CEO of noon, Faraz Khalid talks about the bright future of e-commerce.

That ecommerce has been booming is nothing new. To understand the size of this increase, think about the 73 billion spent on ecommerce in Saudi Arabia in 2021, which corresponds to an average of six ecommerce transactions per household on a monthly basis. Faraz Khalid, CEO of noon spoke about the bright future of ecommerce, the great opportunities and the improvements that need to be put in place in order to fully take advantage of them.

If you look at the penetration of emerging market e-commerce, we are far from the median and the median is already trending upwards. This represents a ten times bigger opportunity for most e-commerce platforms in the region. You’ve got to get ready for that kind of growth; you’ve got to be prepared for that kind of growth, and a lot of it is about physical infrastructure.

Most people have tried e-commerce, but they shop only three or four times a year in horizontal e-commerce platforms. In order to get them to shop ten times a month, you need a different value proposition. And that’s really where we need to go. It’s much cheaper to acquire a customer to vertical ecommerce platforms than it is to acquire to horizontal platforms and to a new product category there. More specifically, for us to take a customer into our grocery tab, it’s more expensive than to get someone to install a separate grocery app.

Working in ecommerce in Saudi Arabia means you can be ten times bigger in five years. I think this is how big the opportunity is now that we are at the very beginning. It’s an extraordinary time for anyone in the ecommerce space.

Faraz Khalid

Now we only have professional businesses that already have shops, or stores, or showrooms, or are established retailers who are selling on marketplaces.
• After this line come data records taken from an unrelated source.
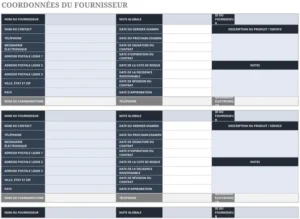 modele-excel-gestion-contact-informations-personnelles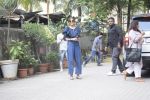Anushka Sharma Spotted At Anand Rai_s Office on 3rd Oct 2018 (24)_5bb5a976b4d65.JPG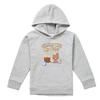 Tops – Hoodies & Sweatshirts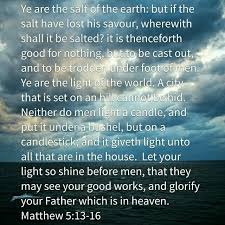 Pin On King James Bible Verses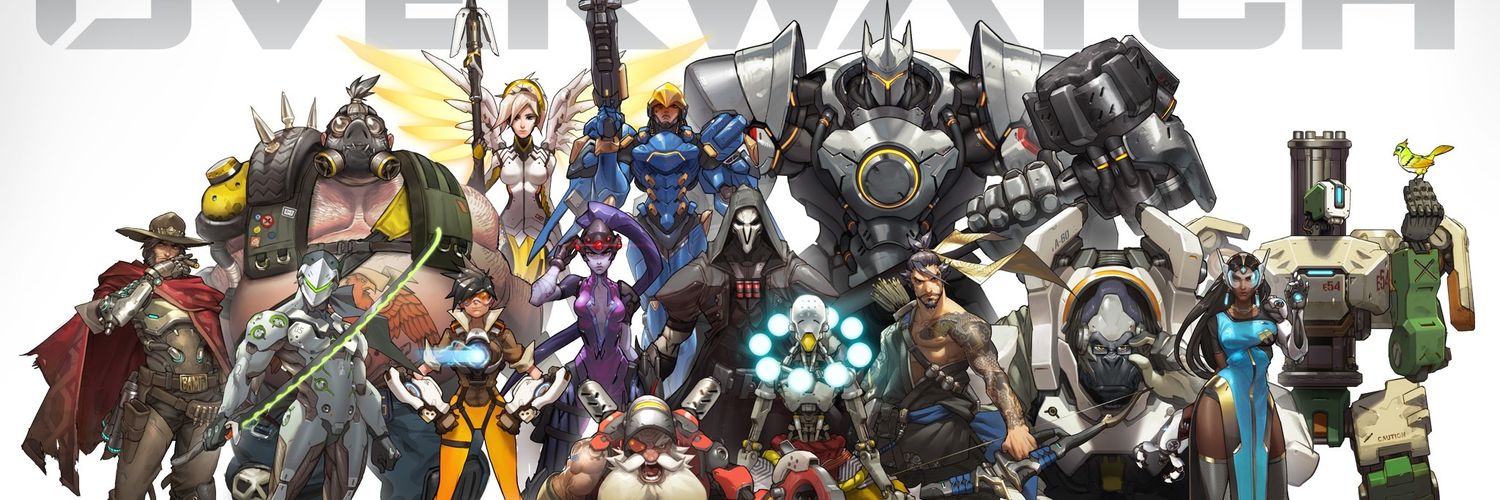 gaTno8600's profile banner image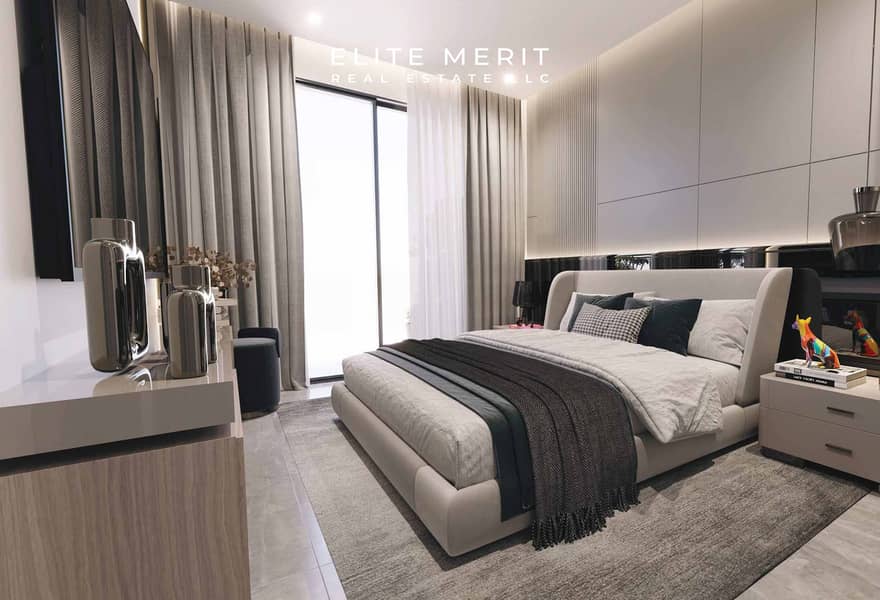 4 Brochure - Samana Manhattan 2-22. jpg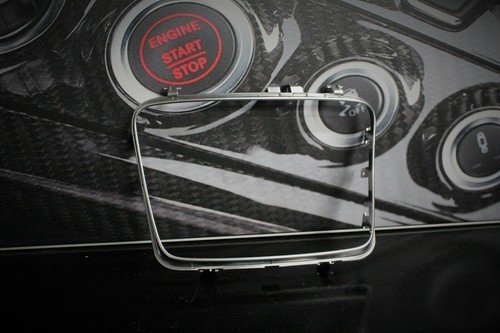 New genuine mercedes benz - genuine, mercedes-benz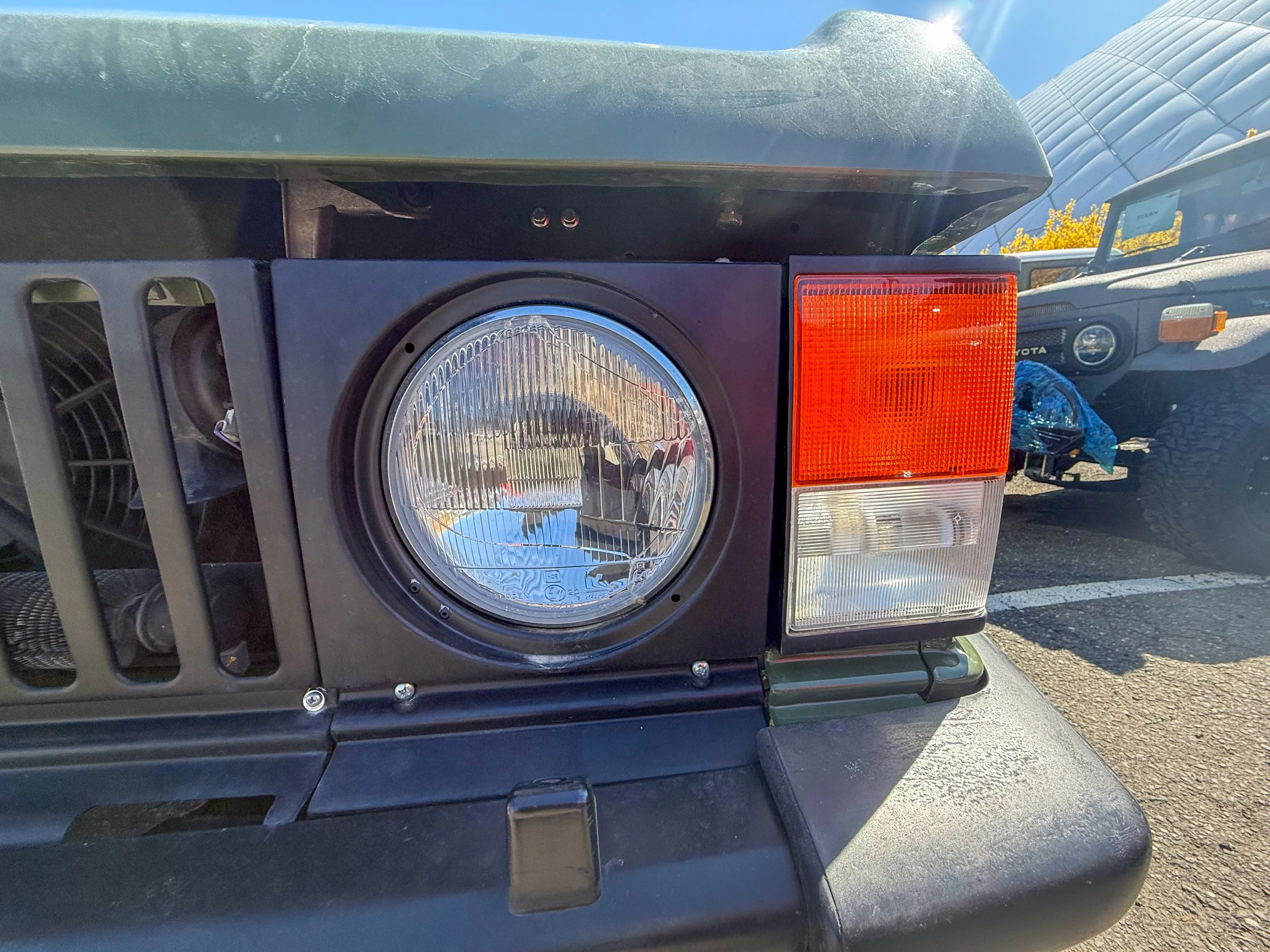 LO_Rescue_LR_RRC_097.jpg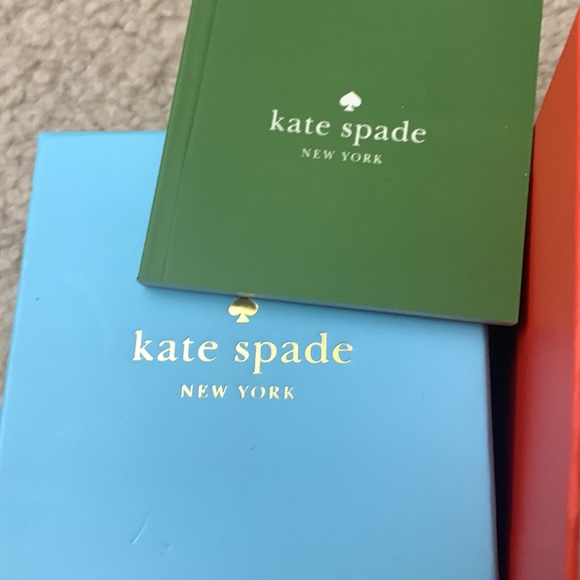 Kate Spade Watch - Picture 3 of 3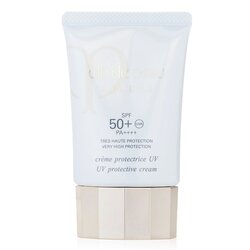 סלי דה פאו UV קרם הגנה SPF 50 PA+++ 50ml/1.9oz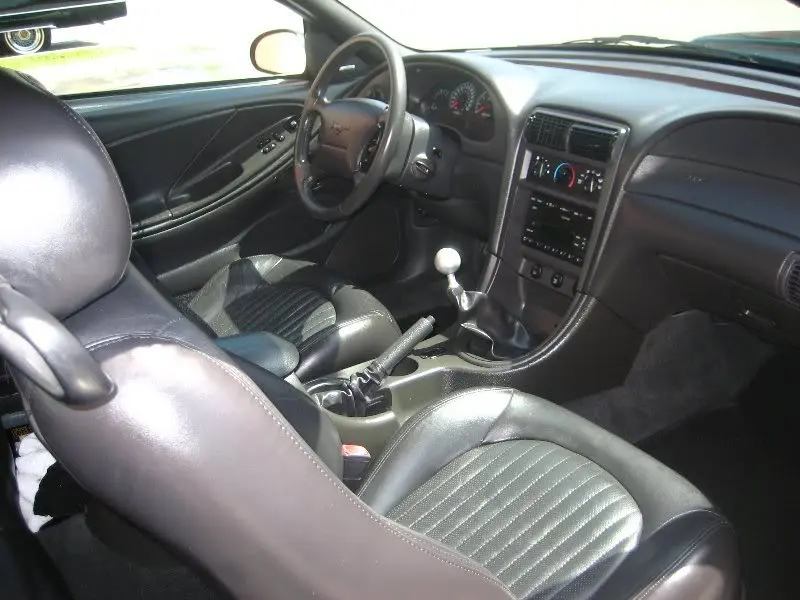 68_Cadillac031_800x600.webp
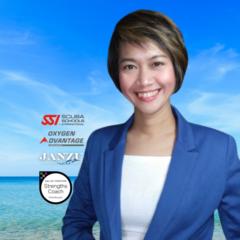 Pusanisa Na Ranong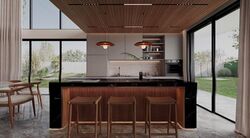 Mount Sinai Crescent (D10), Semi-Detached #497254761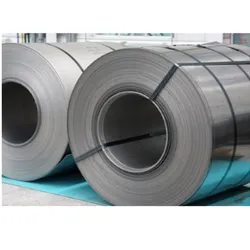 Zirconium Sheets Plates Coils, Thickness: 0.1 Mm To 100 Mm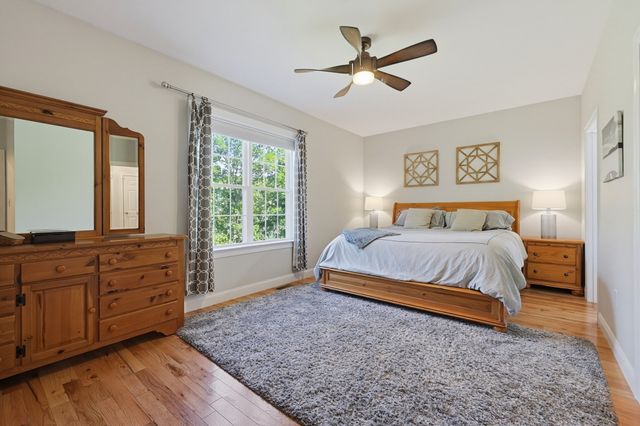 44 Beaver Pond Rd 44, Milford, MA 01757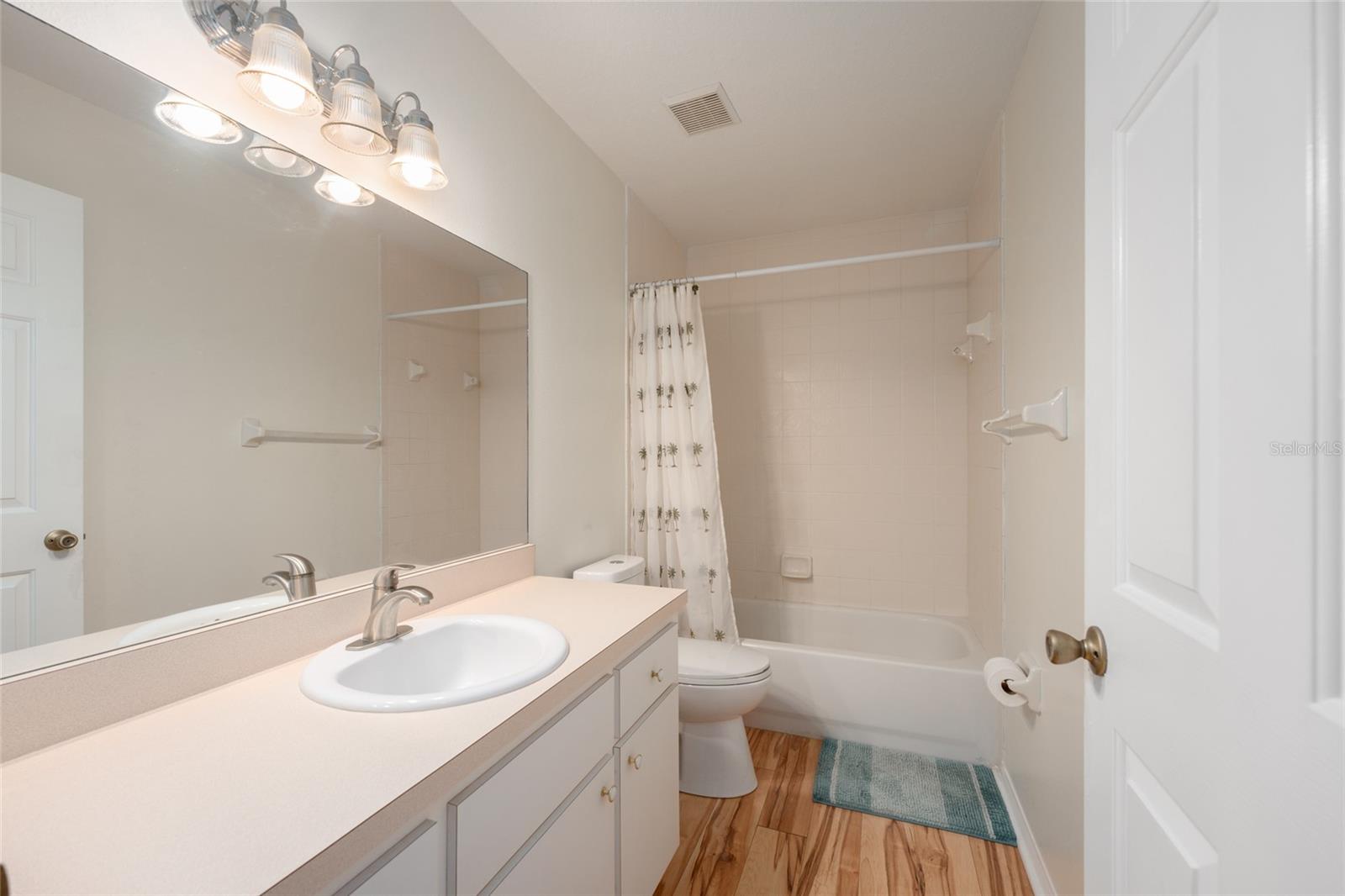 1868 NE 127TH PL, ANTHONY, FL, 32617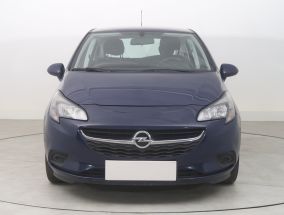 Opel Corsa - 2016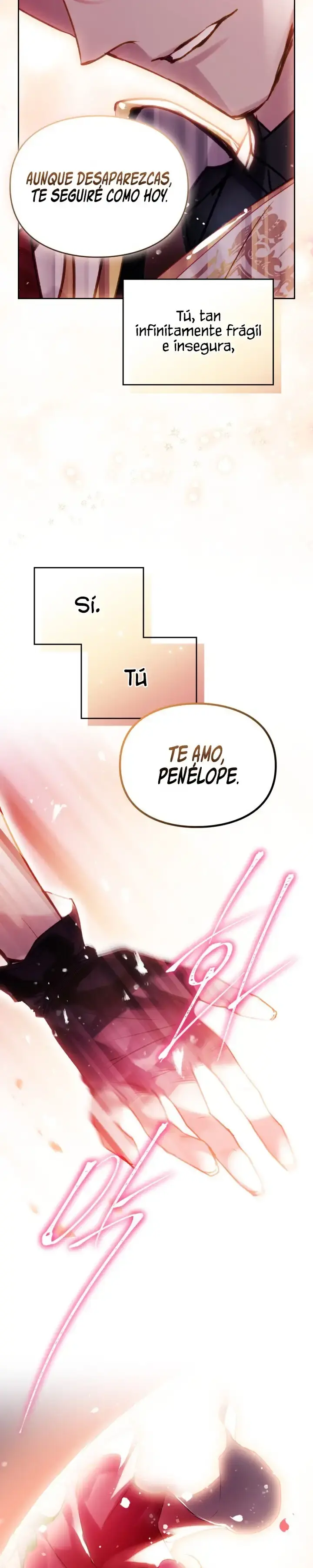 Capitulo 185 page 25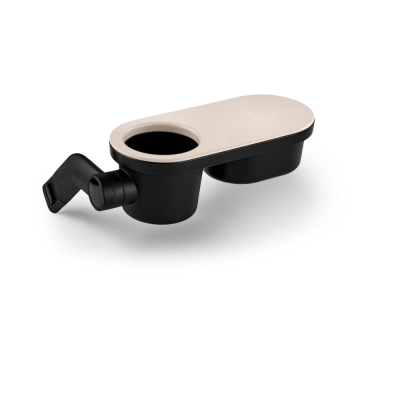 Tablette pour poussette bugaboo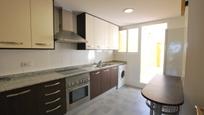 Kitchen of Flat for sale in Llíria  with Terrace and Balcony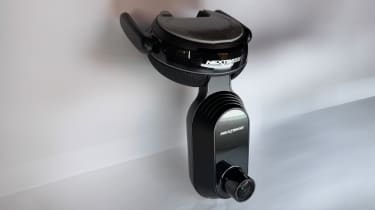 Nextbase iQ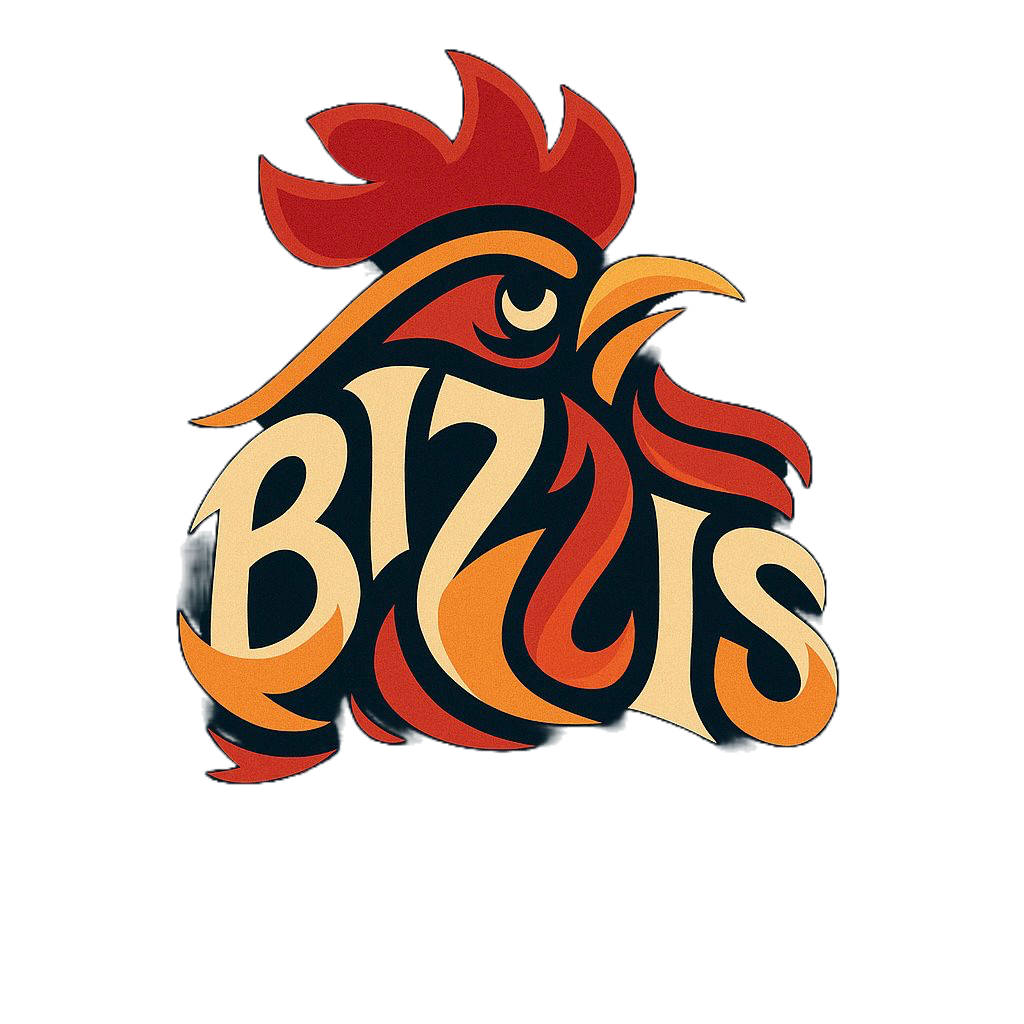 Bizzis  Esports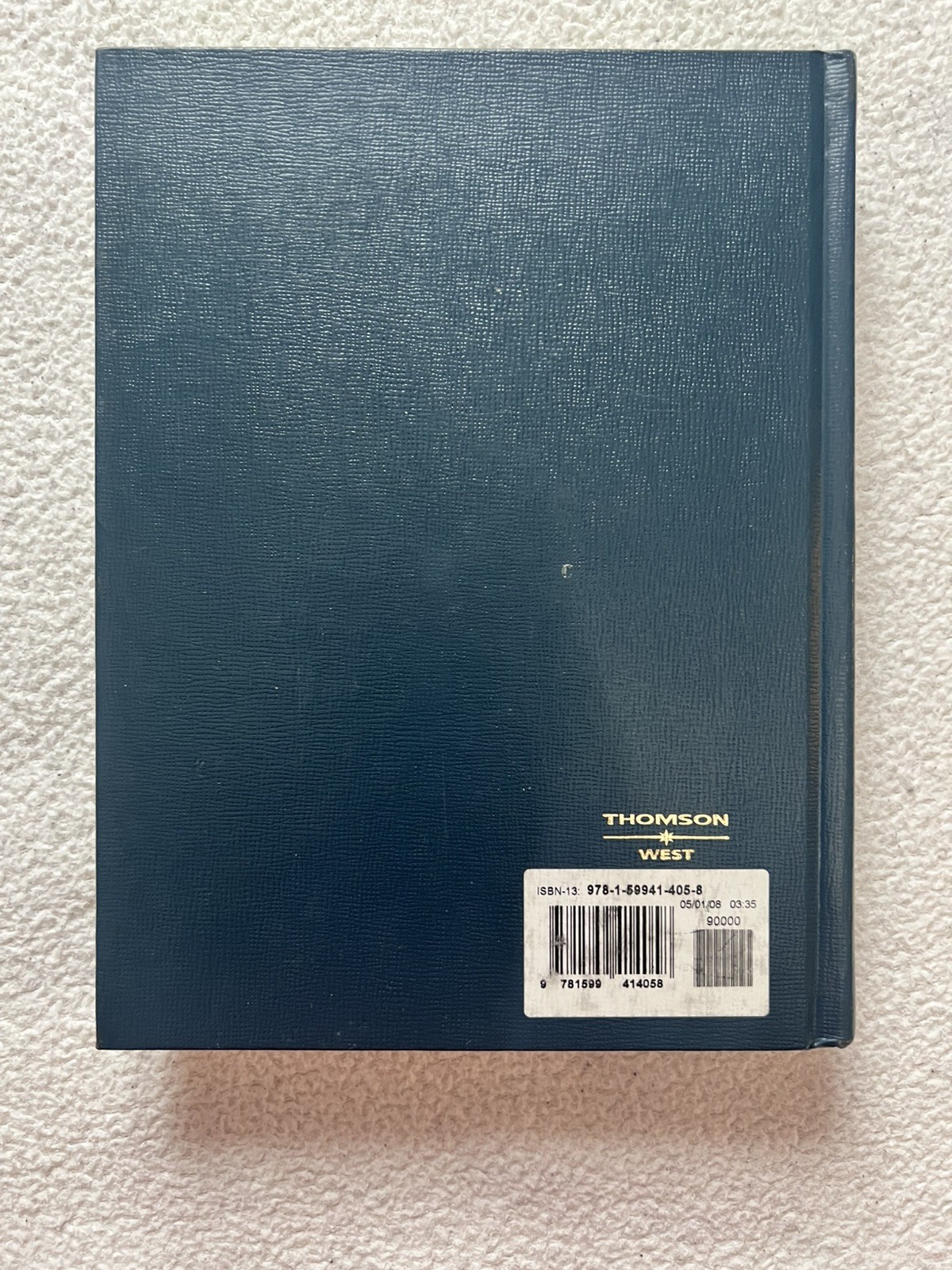 Federal Income Taxation of Corporate Enterprise 5th Edition Wolfman-Ring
I think that’s the biggest impediment to ecommerce growth in our region that there aren’t enough casual sellers. There is no meaningful competitive advantage over someone else for building a business online, thus the whole ecosystem has not grown.

Cross-border e-commerce is big because there is less friction, and it is cheaper to ship from the Schengen area than to ship from our warehouse in Riyadh. We had to build our own infrastructure because it didn’t exist. There are some super exciting start-ups in the  kingdom that will hopefully scale up and can cater to us and companies like us. I think there is there is a huge opportunity to build an e-commerce focused logistics stack that can serve everyone.